◆ ACTIVITY ◆
Look below for the line with "new 2024 Honda". Retype it and every line after it to the end, exactly, but leave out the pictures.

◆ DATA EXCERPTS ◆
⁂

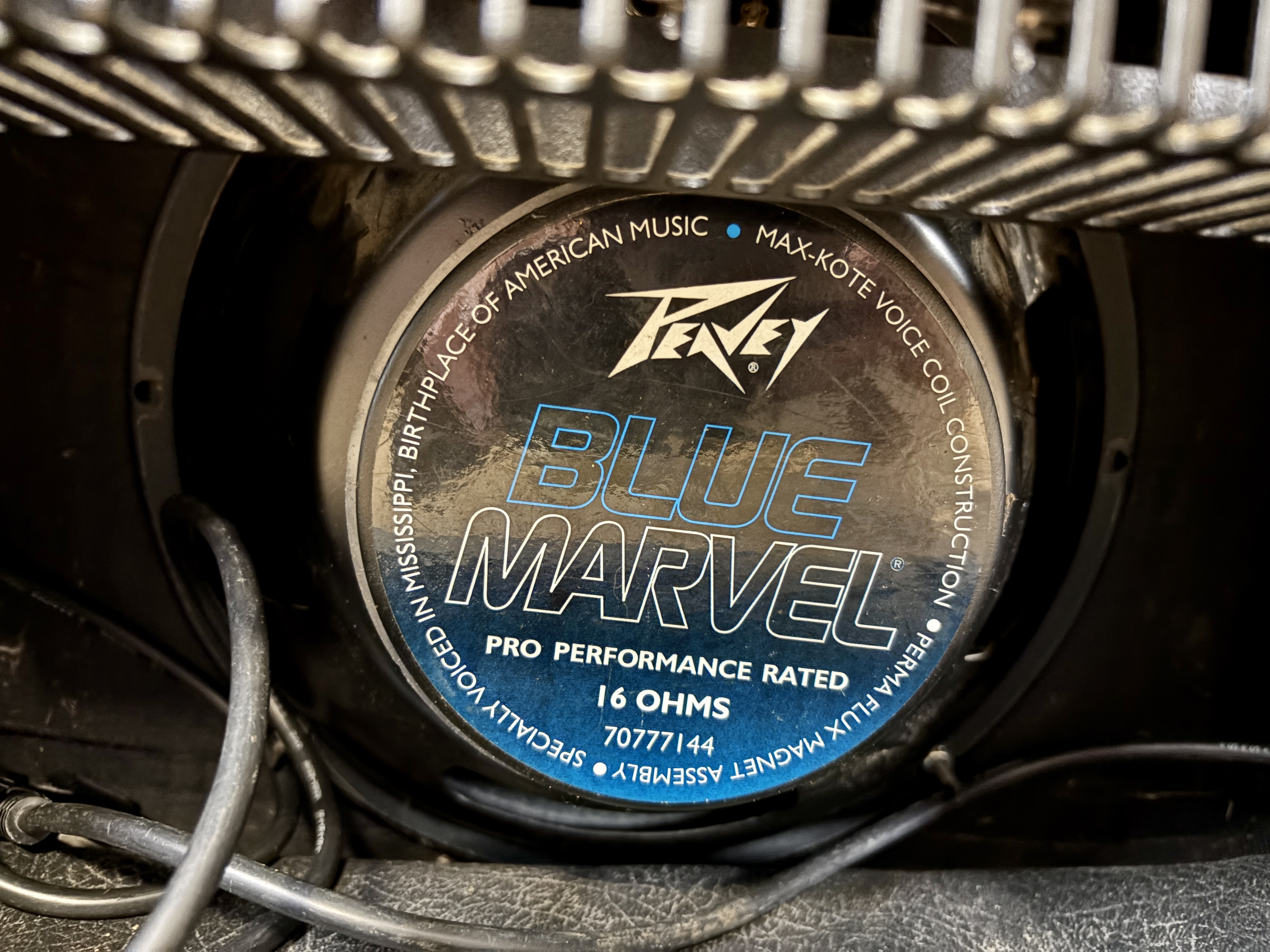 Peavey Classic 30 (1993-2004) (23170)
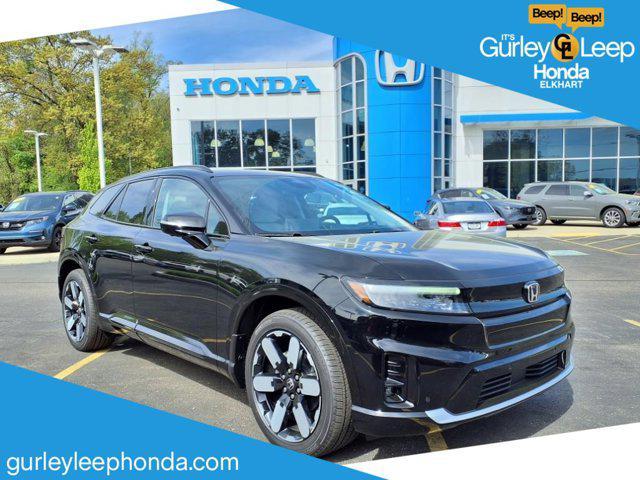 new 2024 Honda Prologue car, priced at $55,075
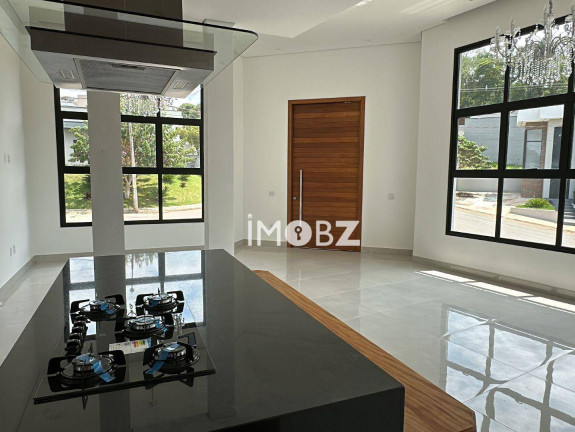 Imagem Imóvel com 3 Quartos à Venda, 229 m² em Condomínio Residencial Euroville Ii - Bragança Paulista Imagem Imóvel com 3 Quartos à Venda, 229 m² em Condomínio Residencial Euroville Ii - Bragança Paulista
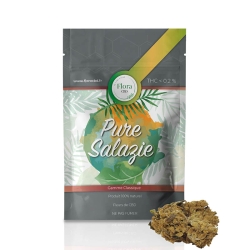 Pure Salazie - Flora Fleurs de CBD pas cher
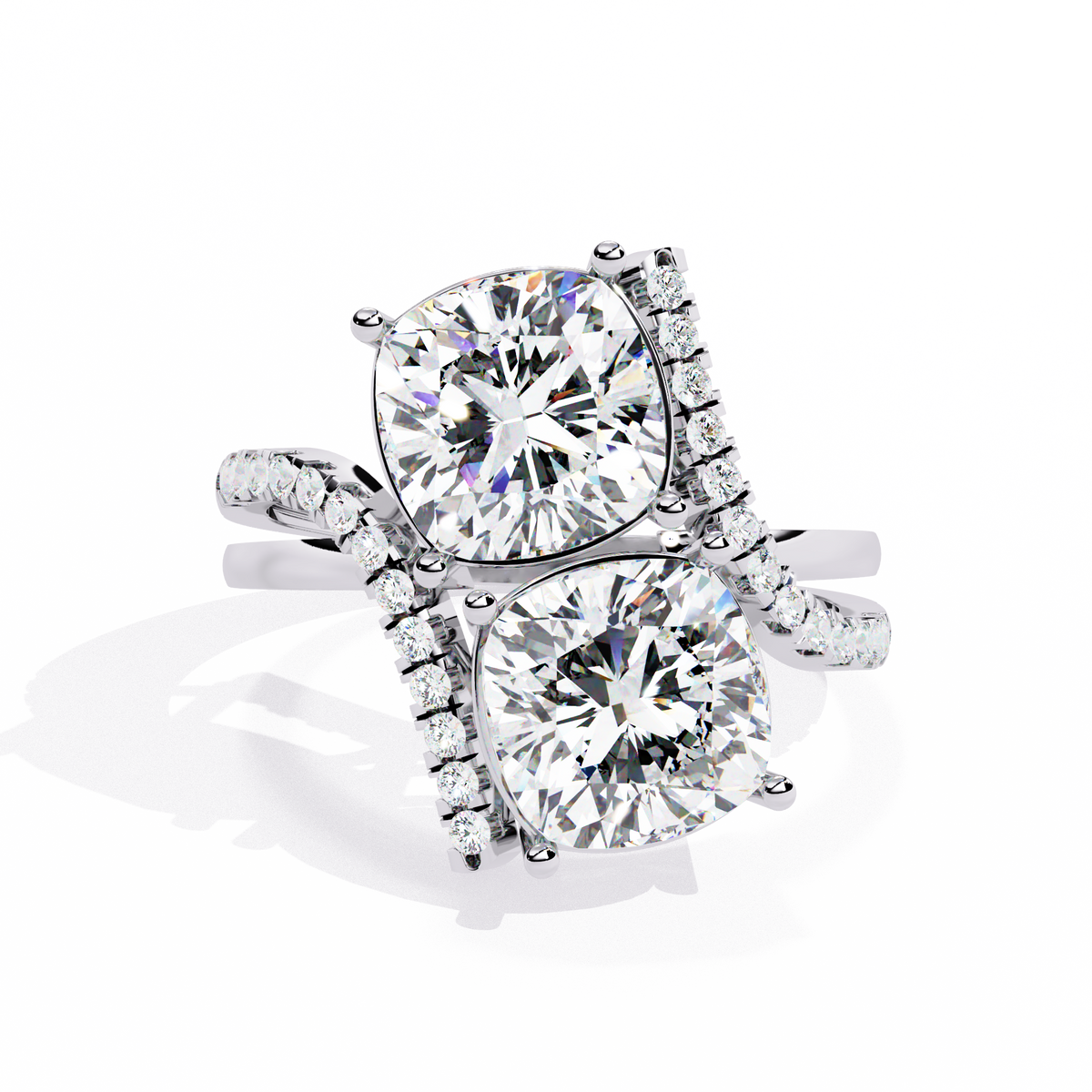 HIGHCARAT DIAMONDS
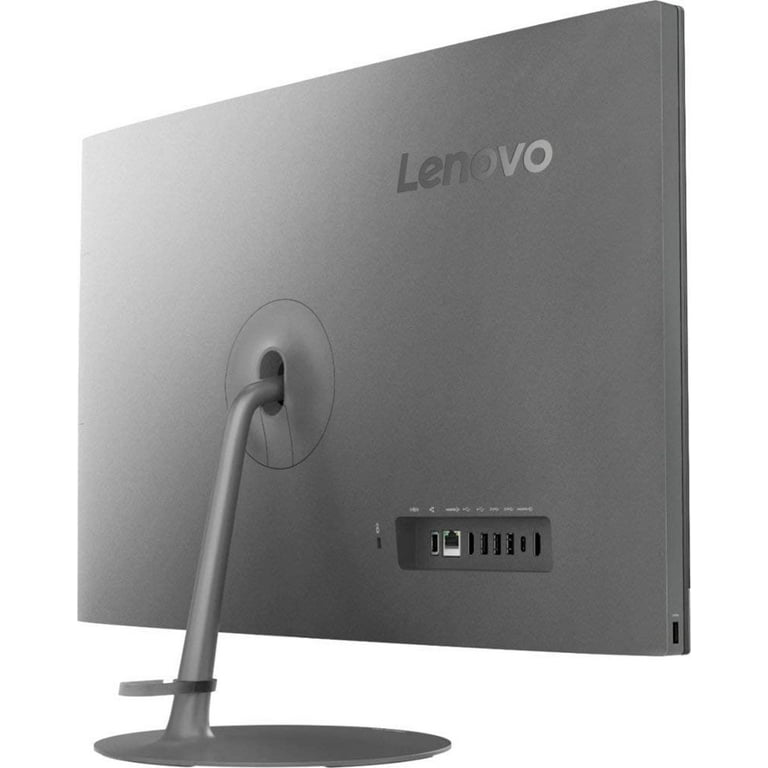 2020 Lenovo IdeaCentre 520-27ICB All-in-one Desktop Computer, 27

⁂

◆ EXERCISE RESPONSE ◆
 new 2024 Honda Prologue car, priced at $55,075
 Imagem Imóvel com 3 Quartos à Venda, 229 m² em Condomínio Residencial Euroville Ii - Bragança Paulista Imagem Imóvel com 3 Quartos à Venda, 229 m² em Condomínio Residencial Euroville Ii - Bragança Paulista
 Pure Salazie - Flora Fleurs de CBD pas cher
 HIGHCARAT DIAMONDS
 2020 Lenovo IdeaCentre 520-27ICB All-in-one Desktop Computer, 27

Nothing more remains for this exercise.